To reserve a seat for legs A-B:
    select min(seat) from
    (     select seat from seats
        minus
        select r.seat from reservations r where r.leg between A and B
    );

Best-fit: I couldn't do this in SQL
    for each seat, get length of open block containing A-B (zero for some)
    almost a sql query
    select n from seats where
   
    now, order this by size, and consider only blocks of min size.

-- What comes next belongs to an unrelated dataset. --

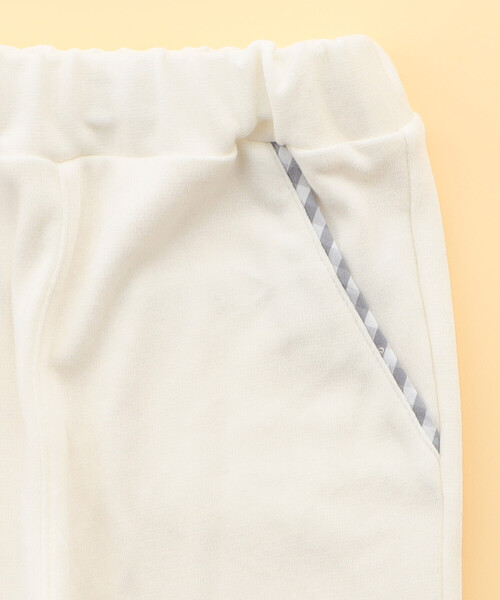 COMME CA ISM（コムサイズム）の「ギンガムチェック使い　ロングパンツ(80・90cm)（その他パンツ・キッズ・オフホワイト/ブラック・80ｃｍ/90cm）」の6枚目の写真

    AVAIL(s, lo, hi): seat s is available on legs lo through hi:
   
        NOT EXISTS (select * from reservation r where r.seat = s
            and r.leg between lo and hi)
           
for each seat, the biggest block of free legs below 3:       
    select s. seat, min(l.leg) from SEATS s, LEGS l where
        l.leg <= 3
    and    not exists (select * from reservations r where r.seat = s.seat
                and r.leg between l.leg and 3)
    group by s.seat;
             
    select s. seat, min(lo.leg), max(hi.leg) from SEATS s, LEGS lo, LEGS hi
    where
        lo.leg <= 3 and hi.leg >= 3
    and    not exists (select * from reservations r where r.seat = s.seat
                and r.leg between lo.leg and hi.leg)
    group by s.seat;
             
select s. seat, min(lo.leg), max(hi.leg), max(hi.leg)-min(lo.leg) AS gap
from SEATS s, LEGS lo, LEGS hi
where
    lo.leg <= 3 and hi.leg >= 3
and    not exists (select * from reservations r where r.seat = s.seat
            and r.leg between lo.leg and hi.leg)
group by s.seat
order by gap;
   
Range query:

select s. seat, min(lo.leg), max(hi.leg), max(hi.leg)-min(lo.leg) AS gap
from SEATS s, LEGS lo, LEGS hi
where
    lo.leg <= 3 and hi.leg >= 4
and    not exists (select * from reservations r where r.seat = s.seat
            and r.leg between lo.leg and hi.leg)
group by s.seat
order by gap;



Best fit:
    1. put the above into an array, stopping when the value of GAP becomes > value of GAP in first row.
    3. Apply tie-breaker rules to the entries in the array.